Upon them, their adequacy to cope with the great historic task that history thrust upon them, Lenin staked the future of Russia and the Revolution. His supreme confidence sprang from his deep first-hand intimate knowledge of and belief in the people.
It was my good fortune, too, soon after coming to Russia in the spring of 1917, to gain this high respect and confidence in the power of the people—increased of course in later journeys to the Soviet Union. My insight came from first-hand contact with the people—from mingling with the workers in the factories of Petrograd and Nizhni Novgorod, from the soldiers in the barracks and from a long sojourn with that wise and saintly Bolshevik Yanishev, in a village of Vladimir. Out of this came a high respect for their endurance, tenacity, abilities, readiness for new ideas and skills, inventiveness—all of it convinced me of their future success.
Thus, at the very outset of the Revolution, I had an advantage over most of the so-called experts on Russia, journalists, publicists, historians. They might know the history of Russia, know the programs of the many parties and leaders, know the diplomats and foreign emissaries. But for the most part, they really did not know the people. And to repeat—it was the people who were the Revolution.
And so these so-called experts were over and over consistently wrong in their estimate of the Revolution constantly predicting its defeat, disaster and downfall.
After the Soviets established their government in October, they declared: “It will last a week, at most a month or two!” But knowing the Soviet people, I confidently declared that the Soviets would increasingly rally the masses to their government. As they had won the power, they would keep in power—they were here to stay.

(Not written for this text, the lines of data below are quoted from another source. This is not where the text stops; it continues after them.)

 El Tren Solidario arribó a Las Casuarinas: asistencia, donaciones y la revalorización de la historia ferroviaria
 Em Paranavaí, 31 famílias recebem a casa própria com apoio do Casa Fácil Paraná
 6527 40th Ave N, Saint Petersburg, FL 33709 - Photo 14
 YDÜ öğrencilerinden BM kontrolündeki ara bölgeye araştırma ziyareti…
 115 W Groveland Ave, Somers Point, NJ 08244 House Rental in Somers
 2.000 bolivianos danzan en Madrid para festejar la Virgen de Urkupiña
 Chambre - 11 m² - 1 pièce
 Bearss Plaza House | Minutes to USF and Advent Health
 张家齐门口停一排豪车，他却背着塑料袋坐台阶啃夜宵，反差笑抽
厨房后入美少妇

When the first five-year plan was launched, it was derided abroad as “a statistician’s dream”, “a blueprint with astronomical figures”. But those with a real knowledge of the Soviet people confidently declared that, however colossal the projects, the Soviet people would be equal to the great challenge and would translate the dream into a reality.
When the 200 nazi divisions, flushed with victory in the West at the peak of their power, crossed over the Soviet border on that fateful day in June 1941, those so-called experts were boldly proclaiming that the nazis would go through the Red Army like a knife through butter—that in three or four weeks the swastika-flag would be fluttering from the towers of the Kremlin. But those of us who knew the Soviet people, knew better. On June 24, in response to a request from TASS, I sent a long cable expressing my conviction that the might of the Soviet people would prevail and in due time the red flag with the hammer and sickle would be flying over the Reichstag in Berlin.

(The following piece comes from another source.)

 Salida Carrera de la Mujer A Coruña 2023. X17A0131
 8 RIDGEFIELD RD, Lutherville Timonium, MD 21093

In every crisis, the Soviet people have been magnificent, adequate to the demands made upon them.
I would not imply that all were devotees of the Revolution, ready to die for it. They had a due quota of slackers, malcontents, careerists and even renegades. But the overwhelming majority—and certainly, almost all the strong, vital, militant elements—were valiant, loyal makers and defenders of the Revolution.
The Party’s Central Organs; the opportunists were left in the minority and were called Mensheviks (from “menshinstvo”, the minority) ever since. At the Sixth (Prague) Conference of R.S.D.L.P. (1912) the opportunists were expelled from the Party.
Though they might not possess all domestic virtues, they did possess the qualities essential to the making of the Revolution: tenacity, toughness, endurance, devotion to a cause and readiness to sacrifice for it, to absorb new ideas and skills. To these we must add another quality—not usually counted as revolutionary, or associated with fighters for freedom. That is patience.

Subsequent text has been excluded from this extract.